Back in 2020 when the study was first carried out, 15% of spend was unattributable and PwC were unable to establish exactly where this money was going. This became the ‘unknown delta’ and caused a significant backlash within the programmatic industry.
The latest 2023 update from PwC shows that this ‘unknown delta’ has been reduced to 3%. Yet still only 65p in every programmatic pound is being spent on media. The rest is spent on data and technology fees. So, does that represent good value for advertisers? Here at the7stars, we think not.
Stack it high and sell it cheap!
One thing the latest programmatic report lays bare is the superiority of Private Marketplace (PMP) trading compared to the long tail of Open Exchange trading. The average matching of impressions is more than 65% and this makes PMP considerably more accurate. Yet the programmatic industry continues to be obsessed with laying data and technology onto long tail, non-premium inventory and selling this to advertisers with hefty mark-ups (whether these are undisclosed or otherwise).
Technology costs on both demand and supply side are significant and can often account for over 20p in every pound spent by a programmatic advertiser. This is more than an agency is paid to plan, buy and optimise the campaign. What incremental benefit are these technologies bringing and are they being fully utilised? Furthermore, can the technology stack be simplified, and more money spent on media?
Data has to add value
Data usage and application is another area that requires more scrutiny and rigour. It’s easy to overlay datasets within programmatic campaigns without really understanding the value that the data is bringing to campaigns. The focus should be on high quality datasets that add value to premium inventory and deliver campaign performance uplifts that justify the investment.
To serve or not to serve
One thing that PwC’s report does not account for is the environmental impact of running spray-and-pray programmatic campaigns, with the overuse of technology and data. The industry needs to start taking sustainability seriously and KPIs should be baked into every programmatic campaign.

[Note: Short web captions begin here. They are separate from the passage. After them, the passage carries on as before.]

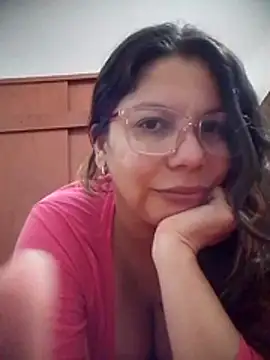 Snapshot of Carliina_Soussa chatting on June 14, 11:40 pm Carliina Soussa online show from June 14, 11:40 pm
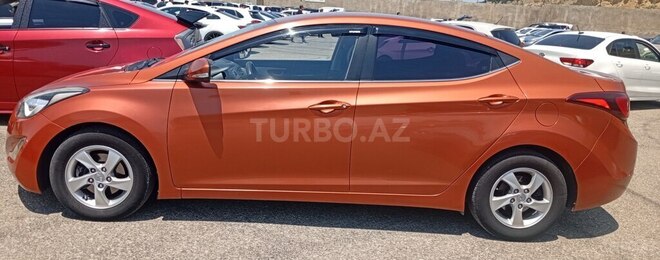 Hyundai Avante-4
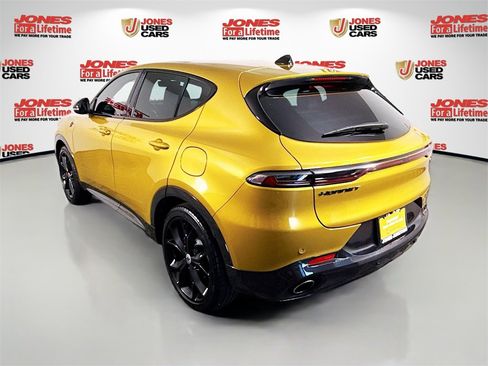 Used 2024 Dodge Hornet R/T Plus image 2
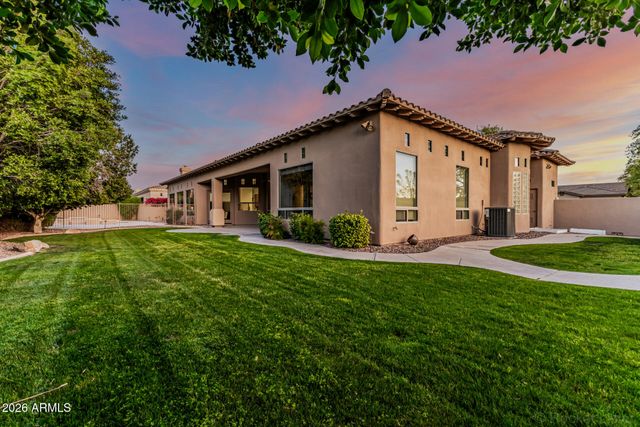 10834 E CANNON Drive, Scottsdale, AZ 85259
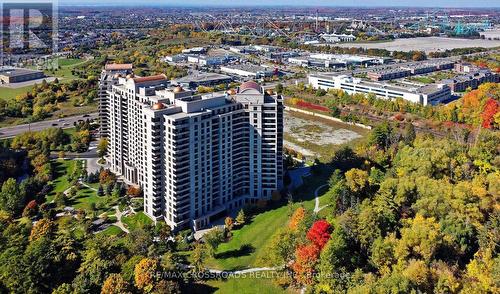 302 - 9245 Jane Street, Vaughan, ON - Outdoor With View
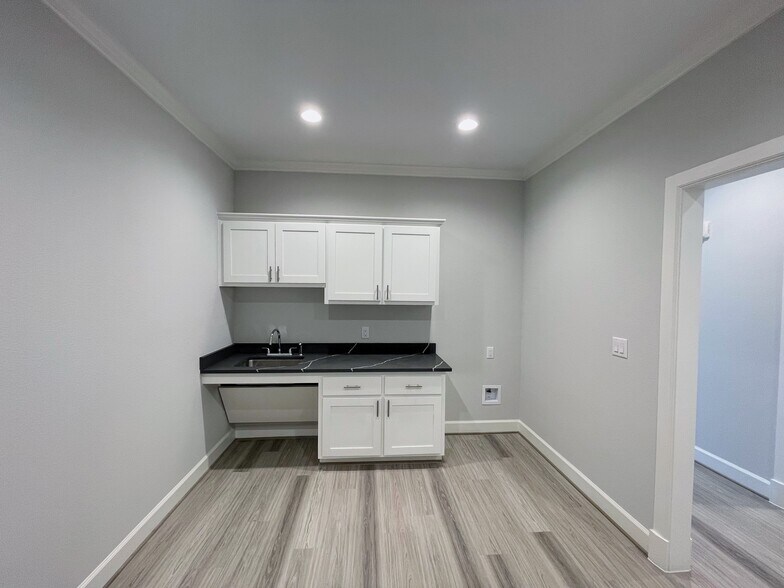 More Photos Of 400 Stonebrook Pky, Frisco Medical For Lease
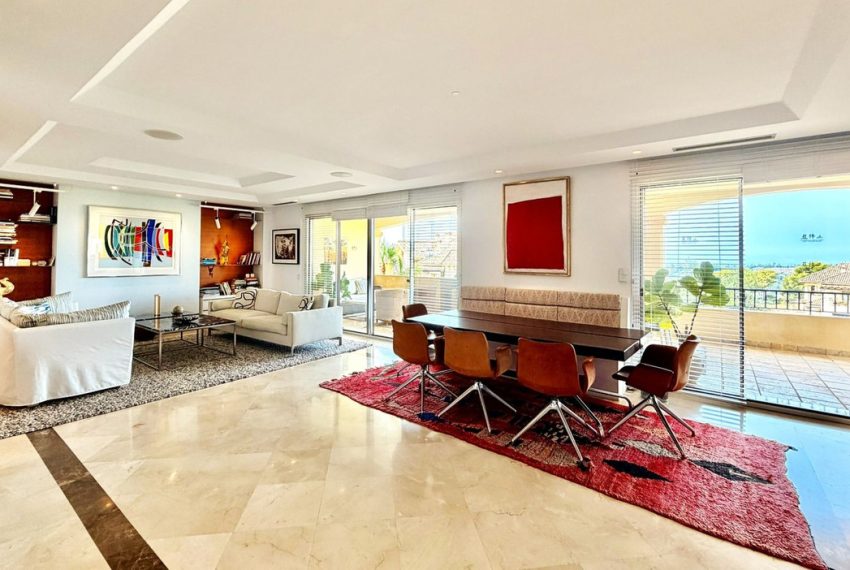 R5401237-Apartment-For-Sale-Nueva-Andalucia-Penthouse-4-Beds-361-Built-4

What the report really shows is that there is still a considerable way to go to deliver a level of transparency that builds confidence and long-term growth in the sector. Programmatic advertisers should still be demanding more from their agencies, tech vendors and media partners. All three need to be held accountable not just for full transparency on programmatic fees, data and technology, but also for the value these are adding to campaigns, and for their environmental impact.